Gli ulteriori dettagli operativi nonché le modalità di adesione da parte degli altri stati europei verranno gradualmente definiti elle prossime settimane in riunioni alle quali parteciperà anche l’Italia. Nel frattempo, «è pur vero che, quand’anche Instex Sas gestisse transazioni in settori vietati dalle sanzioni secondarie statunitensi, l’Unione europea dovrebbe garantire un sistema efficace per paralizzare gli effetti extraterritoriali della normativa Usa; al riguardo, si segnala che l’attuale Regolamento di blocco non offre alcuno scudo soddisfacente» osserva l’avvocato Marco Zinzani dello Studio Padovan di Milano. Di fatto, conclude il legale specializzato in sanzioni, «in assenza di misure di protezione adeguate, nulla impedirebbe alle aziende europee di diventare un facile bersaglio sanzionabile dalle autorità statunitensi».

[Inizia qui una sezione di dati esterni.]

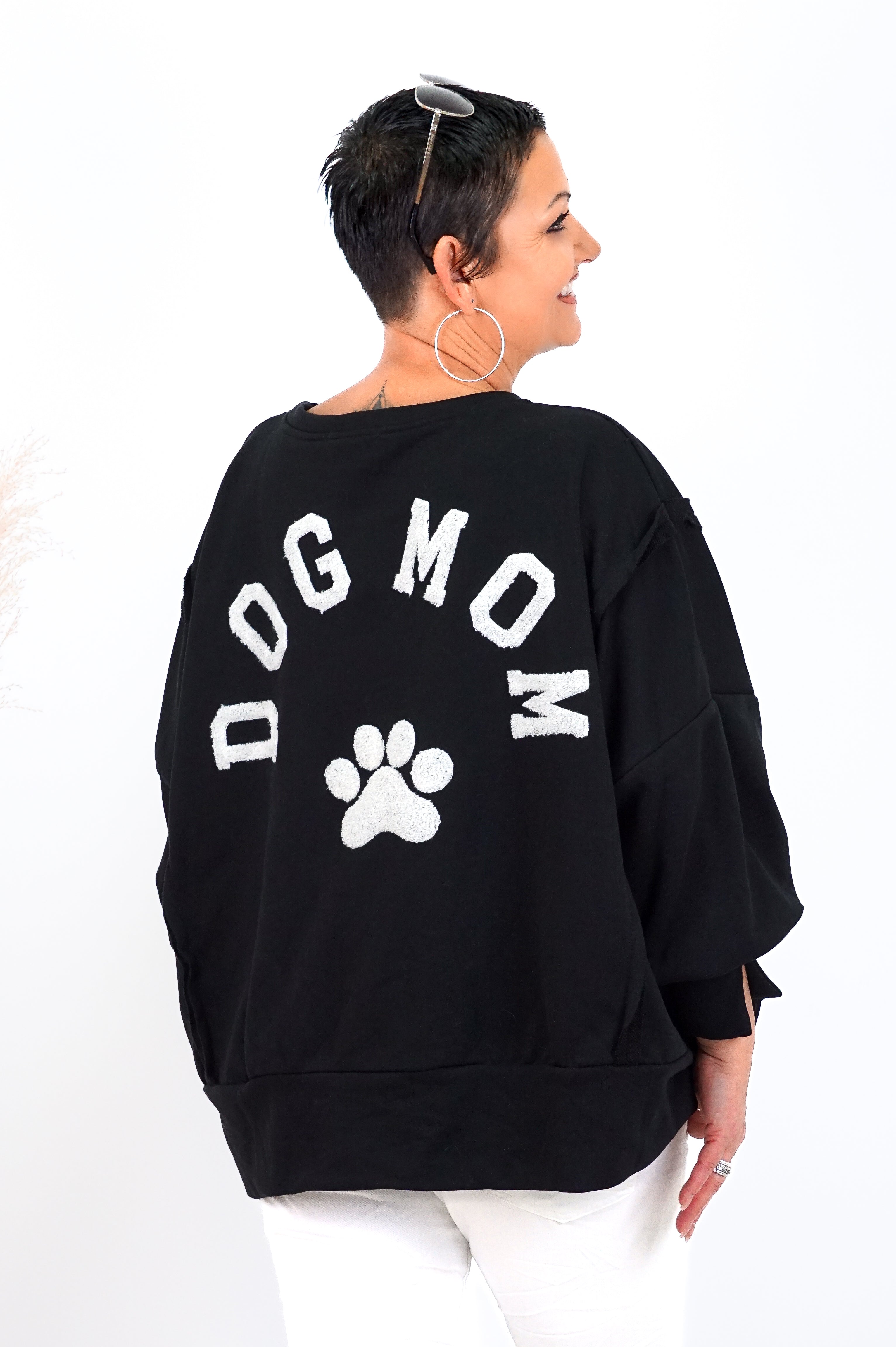 Sweatshirt "DOG MOM“, schwarz/weiß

Resta curioso l’atteggiamento della Cina che, come l’Italia, gode dell’esenzione di sei mesi per importare petrolio iraniano. L’impressione è che i cinesi diano un colpo al cerchio e l’altro alla botte. Lo scorso 20 dicembre la banca di Kunlun, il cui azionista di maggioranza è la China National Petroleum Corporation (Cnpc), aveva infatti dichiarato che a fine di aprile rinuncerà a fare transazioni con Teheran, a dimostrare il fatto che alla dirigenza cinese sta più a cuore il business con l’America che quello con l’Iran. Di pari passo, la Cnpc ha però pronto un miliardo di euro per acquistare una quota del giacimento South Pars. All’occorrenza, i cinesi potrebbero quindi fare lo sgambetto a Washington e decidere di sostituire il dollaro con l’euro.